# If you were to take one person out of the fellowship, and replace them, who?



## ILLOTRTM (Apr 23, 2002)

I'm just curious. I don't think anybody will deduct anyone, though. I'll be shocked if they do. Then again, I didn't expect everyone to hate Tom Bombadil, either...


----------



## Ice Man (Apr 23, 2002)

I wouldn't take anyone out, but I sure would join them them and make the fellowship a group of 10 and not 9.


----------



## ILLOTRTM (Apr 23, 2002)

Here Here! My good fellow! My thoughts exactly!


----------



## Mormegil (Apr 23, 2002)

I would have removed Legolas and replaced him with Glorfindel.


----------



## Ice Man (Apr 23, 2002)

> _Originally posted by ILLOTRTM _
> *Here Here! My good fellow! My thoughts exactly! *



Somehow, I think that almost all of us in these forums actually wish to be able to live in Middle Earth and take part in the Fellowship. I sure do wish so, it would be good for a change, and I would also like beat Saruman with my bare hands and teach Gollum how to speak again.


Serious again, who here would not like to pay a visit to Middle Earth?


----------



## ILLOTRTM (Apr 23, 2002)

Ack! Nooo! ARGGGGHHHH! AAAAAAAAAHHHHHHHHHH!!!!!!!! Legolas? How could you?


----------



## Xanaphia (Apr 23, 2002)

> Here Here! My good fellow! My thoughts exactly!


Take out Legolas????!!!! Where would the Fellowship be without someone that could see far in the distance and give them warning of anything comming?! My best friends favorite charactor is Legolas and I can easily see why!!!


----------



## Mormegil (Apr 23, 2002)

> _Originally posted by Xanaphia _
> *
> Take out Legolas????!!!! Where would the Fellowship be without someone that could see far in the distance and give them warning of anything comming?! My best friends favorite charactor is Legolas and I can easily see why!!! *


Glorfindel would be able to do everything that Legolas does, only better. He took out a Balrog single-handedly. He is a far greater Elf ythan Legolas.
Notice that when Legolas sees a Balrog he starts whining and wailing and running for his life.


----------



## Ice Man (Apr 23, 2002)

> _Originally posted by Mormegil _
> *
> Glorfindel would be able to do everything that Legolas does, only better. He took out a Balrog single-handedly. He is a far greater Elf ythan Legolas.
> Notice that when Legolas sees a Balrog he starts whining and wailing and running for his life. *



But Glorfindel would make the entire journey less exciting and dangerous, which would mean we we not have such an exciting book to read.

Where would be the fun if all the members of the Fellowship were Superheros-Balrog-Slayers?


----------



## ILLOTRTM (Apr 23, 2002)

Shame! Eternal shame!
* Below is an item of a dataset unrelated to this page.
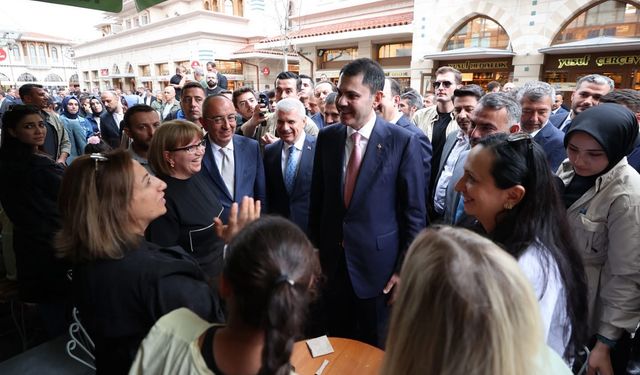 Bakan Kurum Konya Türbeönü'nde kucaklaştı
I'm sure Legolas would stand and fight if he hadn't been told by Gandalf he had no chance! Sssssssss! Eternal shame! If ever you are caught in a band of orcs or some other danger, let help passs you by! Sssssss! (Actually I'm just blowing off steam. You're entittled to your oppinion and I respect it.)
Xanaphia, He's not my favorite charector! That would be unfair to the others! But it's him If I were to choose a favorite.


----------



## Gil-Galad (Apr 24, 2002)

None of them should be replaced,cause the fellowship wouldn't be the same.


----------



## YayGollum (Apr 24, 2002)

I'm sure that I will be publicly executed for this, but Gollum should have replaced Sam! *runs away*


----------



## Anamatar IV (Apr 24, 2002)

all the pippin fans will hate me even more. Why the hell do they need an idiotic little person who doesnt even know how stab someone?!?


----------



## Greenleaf (Apr 24, 2002)

> _Originally posted by amerxtremist _
> *all the pippin fans will hate me even more. Why the hell do they need an idiotic little person who doesnt even know how stab someone?!? *



(Yes you are about to be hung or is it hanged… but any ways back to business) What!! Take out Pip!! Were would we be without him, And no Legolas. Ohhhh the horror!!  (thats you OP it cool)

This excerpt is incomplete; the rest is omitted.